== TASK DIRECTIONS ==
Could you repeat all of the entries exactly, leaving out any pictures?

START PROVIDED ENTRIES

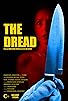 Primary photo for The Dread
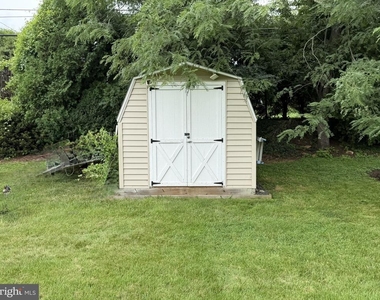 217 Lyster Road - Photo Thumbnail 4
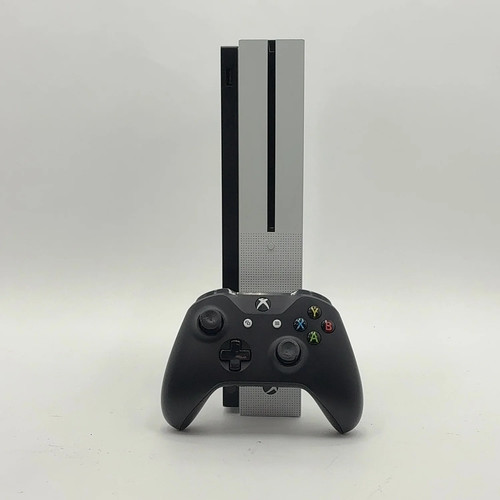 Microsoft xbox one 500gb - microsoft,
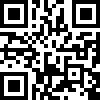 https://en.hawzahnews.com/xf3RR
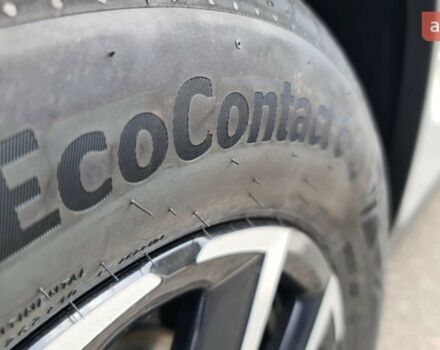 купить новое авто DS 3 Crossback 2023 года от официального дилера ІЛТА DS фото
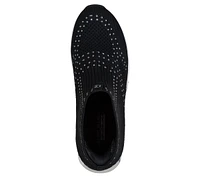 Mark Nason Skechers: A Wedge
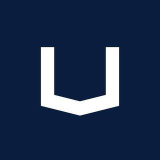 Store avatar for SCOTTeVEST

END PROVIDED ENTRIES

== RESPONSE TO THIS EXERCISE ==
 Primary photo for The Dread
 217 Lyster Road - Photo Thumbnail 4
 Microsoft xbox one 500gb - microsoft,
 https://en.hawzahnews.com/xf3RR
 купить новое авто DS 3 Crossback 2023 года от официального дилера ІЛТА DS фото
 Mark Nason Skechers: A Wedge
 Store avatar for SCOTTeVEST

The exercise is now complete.